The Gwich’in/Swedish artist designs jewelry using natural materials at her Yellowknife studio, and often incorporates tufting into her pieces to give them depth and dimension. She first explored this idea when preparing a pair of silver earrings for her senior show at Santa Fe’s Institute of American Indian Arts back in 2017. “I made a floral motif out of caribou tufting and sewed it to the earrings, and I just really loved how they turned out because it felt like home.
“And there’s this innate need to touch it,” Larsson adds. “Whenever I’ve had pieces on display, you can just see people itching to put their finger on it. I think it’s so funny.”
However delicate the final product may appear, preparation can be tedious. Hair must be properly cleaned and dried to prevent mold from growing. Tufters sometimes take to blow-drying it to speed up the process. Scissors must be sharp and well-kept so they can properly snip and sculpt. When it comes to colouring the hair, achieving a consistent shade with fabric dyes is difficult.
Vashti Etzel, a designer in southern Yukon, feels this challenge adds to the artform’s inventiveness. The Shuhta and Kaska Dene artist—who tufts wearable art and statement pieces—dyes the caribou hair she works with multiple colours, then tufts it together to create rainbow designs.

Etzel, owner of Golden Eye Designs, has recently turned to tufting as a way to help her connect with her Kaska language and traditional knowledge. She shares the story behind her new line of red tufted strawberry earrings as an example.
“My backyard is full of wild strawberries in the summer,” she says. “[In the Kaska language], we call them gēsdzídze, which translates to ‘salmon berry’ because they grow when the salmon start running in my area. I was picking some with my son, and realized I haven’t seen any tufted strawberry earrings or anything, so I thought maybe I should give it a go. There’s all these little meanings behind each piece that I make.”
Across the North, tufting is growing in popularity. Both Larsson and Etzel have noticed more and more artists incorporating tufting into their work—not just in Canada, but the United States as well. It’s exciting to see, they say.
“It’s feeling connected to a practice that is Indigenous, and it’s always powerful to work with natural materials from animals,” Larsson says. “It makes my heart burst whenever I see it, and I think a lot of people react like that because it’s so beautiful. To me, it is so special to be able to add it to adornments as a way to show who I am and where I’m from.”
Back in the museum, Inuk hands me the hide and needle to try tufting out for myself. I’m clumsy in my attempts to repeat what I just saw her do so effortlessly, struggling to even cut a bundle of hair and properly position it under the sinew. Inuk kindly guides me as I poke and prod until finally, a small tuft emerges. Compared to hers, it looks lumpy and awkward. You must be very patient to do something like this, I tell her. She simply waves the comment off.

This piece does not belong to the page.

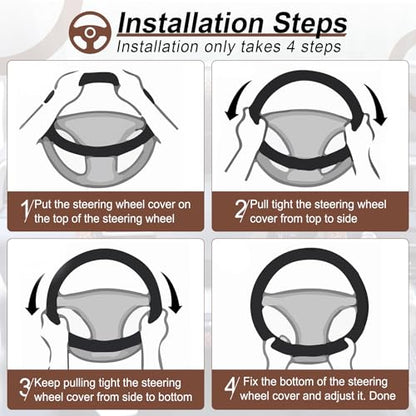 Elastic Stretch Steering Wheel Cover (Brown-Black)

“People always say I must have so much patience, but when you’re born to do something, it’s like second nature. Besides, they haven’t seen me at the grocery store with a kid screaming.”
Inuk is exceedingly generous with her gift. When a hand injury four years ago left her unable to tuft as often as she once did, she pivoted her creative energies to uplifting others. She began collaborating with her mother—another master tufter—and older brother on a business venture. Inuk360 creates accessories and clothing with natural materials like seal fur and markets them online.
In her downtime, Inuk usually teaches a student or two the finer points of the artform. She’s mentored hundreds over the years, and is always ready to offer a helping hand and gentle encouragement.
“The future is very exciting because there’s more tufters coming out who want to learn it and love it and share it like I do, and that makes me super happy,” she says. “What an accomplishment that you get to go to bed and wake up doing something you friggin’ love.”